Because Netflix relies more heavily on AWS regions that are powered primarily by renewable energy (including the carbon-neutral Oregon region), our energy mix is approximately 50% from renewable sources today. We mitigate all of the remaining carbon emissions, which added up to approximately 10,200 tons of CO2e in 2014, by investing in renewable energy credits (RECs) in the geographic areas that host our cloud footprint; last year, the majority went to RECs for wind projects in North America, with the remainder going to Guarantees of Origin (GOs) for hydropower in Europe.
Purchasing renewable energy credits (RECs) allows us to be carbon-neutral in the cloud, but our main strategy is to be more efficient and consume less energy in the first place. Back in the data center days, long provisioning cycles and spikes in customer demand required us to maintain large capacity buffers that went unused most of the time: overall server utilization percentage was in the single digits. Thanks to the elasticity of the cloud, we are able to instantaneously grow and shrink our capacity along with customer demand, generally keeping our server utilization above 50%. This brought significant benefits to our bottom line (moving to the cloud reduced our server-side costs per streaming hour by 85%), but also allowed us to drastically improve our carbon efficiency.
Open Connect Footprint
Open Connect, the Netflix Content Delivery Network, was designed with power efficiency in mind.
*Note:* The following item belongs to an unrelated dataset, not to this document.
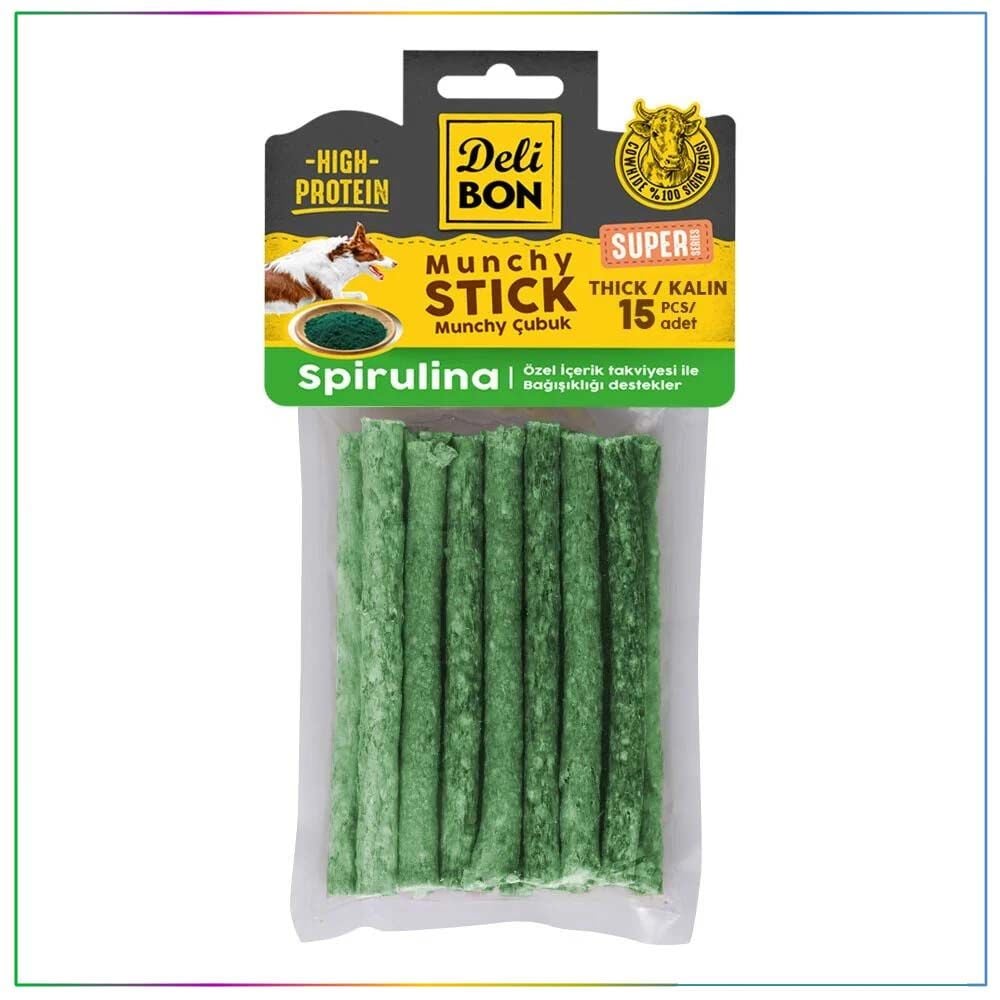 Delibon Super Munchy Çubuk Spirulinalı Kalın 15'li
Today, the entirety of Netflix’s Content Delivery servers consume 1.4 Megawatts of power. While these servers are located in hundreds of locations across the globe, a majority of them are in major colocation vendors with similar interest as ours in ensuring a bright future for renewable energy.
As we have evolved Open Connect, we have reduced the energy consumption of our servers significantly. At our 2012 launch, we consumed nearly .6 watts per Megabit per second (Mbps) of peak capacity. In 2015, our flash-based servers consume less than .006 watts per Mbps, a 100X improvement. Those flash-based servers generate nearly 70% of Netflix’s global traffic footprint.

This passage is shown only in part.